Number of vendors who sell fatigue kits: 0
Number of vendors who sell useful ingredients: 0
Number of places to loot useful ingredients: 0
How the hell is it a good idea to restrict the UTMOST BASIC common necessities by zone ? Oh yeah, we have toilets but you need to travel 500 miles if you want some toilet paper, you see we spread the basic necessities around the world for god knows what reason. ugh
How do other games solve this ?
You have a vendors in every city which sells the basic loot that the player needs! How hard is that ?
(3) Costliness of bare necessities.
The game is tough, more difficult that most games of it's type. That's great - many players of this genre like a challenge. Problem is, when the economy is easily broken (see (1)) - and you require certain key items just to play the game (health potions, fatigue kits for example) - and you price them high then it becomes an issue.
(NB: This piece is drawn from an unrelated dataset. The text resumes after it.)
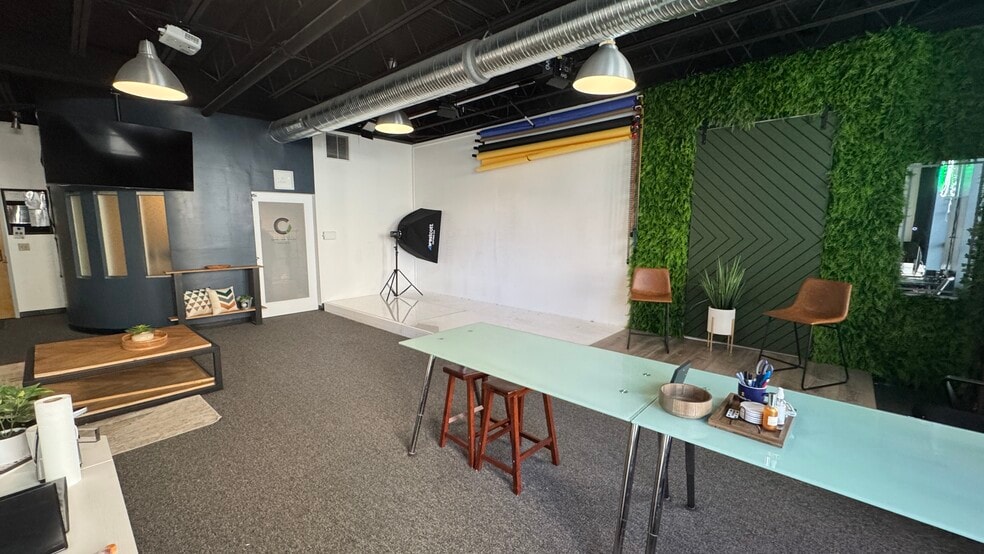 More Photos Of 934 Glenwood Ave SE, Atlanta Loft Creative Space For Sale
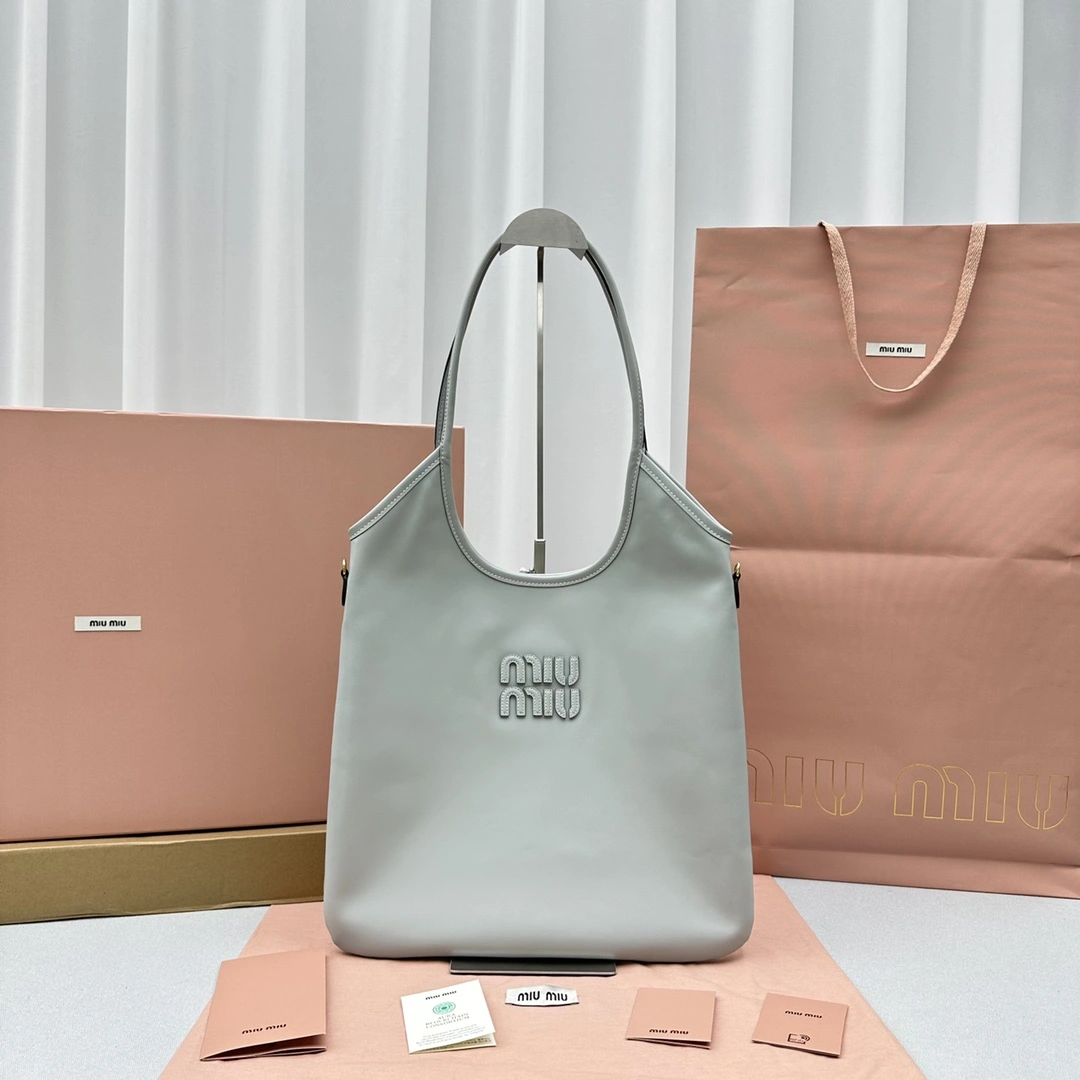 Youthful Miu Miu Shopping Bags 69517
Merchant: "Wow that is an awesome uber rare diamond gem studded necklace. I'll give you 10 copper for it. You want to buy this health potion ? Sure, 10 gold." I've probably played more than 50% of the game with my character(s) having a death debuff or two, simply because of the rarity and cost of fatigue kits.
How do other games solve this ?
By not having utmost basic necessities like potions (the weakest potions especially) cost an arm and a leg. Their availability is already balanced by their usage having a cooldown.
(4) Game difficulty and character behavior
Many people have commented on the game's difficulty - and as I mentioned before it's great that it's tough as many people who play this genre like a challenge, some people also resorted to play easy difficulty. The problem is that it doesn't seem to scale properly at times, and enemy effects (like knockdown) affects your character and party way too much.
It's no fun when you're fighting multiple enemies that 1-shot and 2-shot your characters.
It's no fun when enemies have AoE knockdowns, AoE stuns, and 2-shot you at the same time.
It's no fun when your retarded character takes 1 minute to get up off the ground after being knocked down, cause he's dead before he can recover.
It's no fun when potions heal you for 20 life but the enemy does 150 damage on a hit.
It's no fun when no matter how much you micro or how well equipped your characters are, nothing you do matters because they get knocked down and 2-shotted. It's not like you can leave, level up and come back - cause many of the battles in the game are level scaled.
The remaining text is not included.